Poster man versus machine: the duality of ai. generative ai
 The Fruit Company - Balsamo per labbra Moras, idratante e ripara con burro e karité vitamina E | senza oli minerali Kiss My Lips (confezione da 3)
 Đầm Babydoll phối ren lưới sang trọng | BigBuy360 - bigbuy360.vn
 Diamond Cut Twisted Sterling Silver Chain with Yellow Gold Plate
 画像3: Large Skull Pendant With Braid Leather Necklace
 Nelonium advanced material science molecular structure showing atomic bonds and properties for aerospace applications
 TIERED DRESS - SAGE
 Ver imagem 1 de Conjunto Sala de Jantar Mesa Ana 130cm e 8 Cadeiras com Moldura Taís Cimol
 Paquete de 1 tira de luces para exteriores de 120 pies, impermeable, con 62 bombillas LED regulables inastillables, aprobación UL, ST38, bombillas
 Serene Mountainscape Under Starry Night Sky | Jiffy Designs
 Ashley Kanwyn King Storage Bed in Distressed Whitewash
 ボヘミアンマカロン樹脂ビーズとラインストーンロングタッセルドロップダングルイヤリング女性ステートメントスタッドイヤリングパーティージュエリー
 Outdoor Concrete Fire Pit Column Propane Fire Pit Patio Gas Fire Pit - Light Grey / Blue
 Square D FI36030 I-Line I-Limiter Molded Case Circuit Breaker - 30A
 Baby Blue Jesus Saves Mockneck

* _TASK BRIEF_:
Give back every line of the data above exactly as written.

* _SOLUTION TO THE PROBLEM_:
Poster man versus machine: the duality of ai. generative ai
 The Fruit Company - Balsamo per labbra Moras, idratante e ripara con burro e karité vitamina E | senza oli minerali Kiss My Lips (confezione da 3)
 Đầm Babydoll phối ren lưới sang trọng | BigBuy360 - bigbuy360.vn
 Diamond Cut Twisted Sterling Silver Chain with Yellow Gold Plate
 画像3: Large Skull Pendant With Braid Leather Necklace
 Nelonium advanced material science molecular structure showing atomic bonds and properties for aerospace applications
 TIERED DRESS - SAGE
 Ver imagem 1 de Conjunto Sala de Jantar Mesa Ana 130cm e 8 Cadeiras com Moldura Taís Cimol
 Paquete de 1 tira de luces para exteriores de 120 pies, impermeable, con 62 bombillas LED regulables inastillables, aprobación UL, ST38, bombillas
 Serene Mountainscape Under Starry Night Sky | Jiffy Designs
 Ashley Kanwyn King Storage Bed in Distressed Whitewash
 ボヘミアンマカロン樹脂ビーズとラインストーンロングタッセルドロップダングルイヤリング女性ステートメントスタッドイヤリングパーティージュエリー
 Outdoor Concrete Fire Pit Column Propane Fire Pit Patio Gas Fire Pit - Light Grey / Blue
 Square D FI36030 I-Line I-Limiter Molded Case Circuit Breaker - 30A
 Baby Blue Jesus Saves Mockneck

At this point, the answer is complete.